UC San Diego

Cloud-FPGAs are an attractive option for accelerating consumer computation without the need to purchase a multi-thousand dollar device. The greatest strength of these devices, their reconfigurability, comes at a cost in terms of opening new attack vectors.

We first consider an attractive cloud-FPGA model that has garnered great commercial and academic interest for reducing costs and maximizing utilization: the virtualization of cloud-FPGA resources, called multi-tenancy. However, side-channel leakage poses a major security threat in multi-tenant FPGA environments. A tenant can instantiate a signal timing sensor that measures minute changes in the power distribution network and infer information about co-tenant computation. This work presents the Tunable Dual-Polarity Time-to-Digital Converter (TDC)—a signal timing sensor with three dynamically tunable parameters: the sample duration, clock phase, and frequency.

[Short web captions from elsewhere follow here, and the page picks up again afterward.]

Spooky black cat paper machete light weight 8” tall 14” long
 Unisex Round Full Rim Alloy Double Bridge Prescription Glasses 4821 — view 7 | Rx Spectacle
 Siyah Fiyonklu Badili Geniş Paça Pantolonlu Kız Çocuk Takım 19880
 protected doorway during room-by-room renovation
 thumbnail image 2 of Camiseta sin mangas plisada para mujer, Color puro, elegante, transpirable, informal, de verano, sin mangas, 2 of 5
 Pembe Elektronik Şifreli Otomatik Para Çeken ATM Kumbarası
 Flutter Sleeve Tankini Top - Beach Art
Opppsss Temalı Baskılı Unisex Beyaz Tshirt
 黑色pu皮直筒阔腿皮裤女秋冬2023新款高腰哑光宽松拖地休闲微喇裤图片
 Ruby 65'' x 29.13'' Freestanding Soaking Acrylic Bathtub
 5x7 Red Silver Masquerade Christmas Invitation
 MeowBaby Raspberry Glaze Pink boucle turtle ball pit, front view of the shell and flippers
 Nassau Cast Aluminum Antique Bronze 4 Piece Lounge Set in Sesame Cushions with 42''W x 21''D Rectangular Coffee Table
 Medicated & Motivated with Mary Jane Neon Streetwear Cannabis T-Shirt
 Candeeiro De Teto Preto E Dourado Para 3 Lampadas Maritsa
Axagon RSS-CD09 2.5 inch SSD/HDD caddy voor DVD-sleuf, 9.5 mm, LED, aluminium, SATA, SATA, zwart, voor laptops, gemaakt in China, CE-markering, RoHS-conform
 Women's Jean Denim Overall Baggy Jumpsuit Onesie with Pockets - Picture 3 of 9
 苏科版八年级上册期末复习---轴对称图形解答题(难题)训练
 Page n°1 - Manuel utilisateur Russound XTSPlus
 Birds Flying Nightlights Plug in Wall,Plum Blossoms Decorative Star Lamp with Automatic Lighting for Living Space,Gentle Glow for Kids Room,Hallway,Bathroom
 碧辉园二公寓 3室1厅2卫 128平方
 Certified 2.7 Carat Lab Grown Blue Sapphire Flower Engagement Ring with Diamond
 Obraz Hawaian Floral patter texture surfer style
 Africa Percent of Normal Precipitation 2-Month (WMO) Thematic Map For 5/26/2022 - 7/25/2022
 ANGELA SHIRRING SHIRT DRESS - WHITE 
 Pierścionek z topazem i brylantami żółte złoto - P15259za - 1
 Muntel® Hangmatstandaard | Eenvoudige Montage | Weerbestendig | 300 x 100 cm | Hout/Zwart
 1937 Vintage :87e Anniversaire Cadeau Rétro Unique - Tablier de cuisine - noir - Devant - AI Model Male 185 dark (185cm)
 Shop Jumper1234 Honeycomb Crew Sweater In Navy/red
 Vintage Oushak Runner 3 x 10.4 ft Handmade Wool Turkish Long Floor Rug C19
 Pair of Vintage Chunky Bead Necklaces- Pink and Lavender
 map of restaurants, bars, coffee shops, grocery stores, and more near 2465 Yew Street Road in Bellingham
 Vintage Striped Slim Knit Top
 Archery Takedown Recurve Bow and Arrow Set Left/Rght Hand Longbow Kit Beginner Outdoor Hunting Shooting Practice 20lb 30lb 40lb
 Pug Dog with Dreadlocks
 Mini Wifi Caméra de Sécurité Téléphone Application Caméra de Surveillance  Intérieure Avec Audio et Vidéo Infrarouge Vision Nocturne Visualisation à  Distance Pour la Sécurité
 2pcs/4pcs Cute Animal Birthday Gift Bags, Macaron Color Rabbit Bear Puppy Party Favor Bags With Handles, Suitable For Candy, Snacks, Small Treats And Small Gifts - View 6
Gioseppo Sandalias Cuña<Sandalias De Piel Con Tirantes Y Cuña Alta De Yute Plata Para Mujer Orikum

Returning to the existing cloud-FPGA model, we present, to the best of our knowledge, the first remote measurement of bias temperature instability, a type of transistor degradation, on a commercial cloud-FPGA platform. We repurpose the same on-fabric TDC testing mechanism as before. A study is provided demonstrating this bias effect within the FPGA routing, characterizing its relationship to the number of transistors in the underlying tested element, and exploring its elastic nature, on three different architectures: PYNQ-Z2, ZCU102, AWS F1. We present a novel attack vector that leverages this effect in cloud-FGPAs, where a malicious user can extract secrets from previous user’s computation.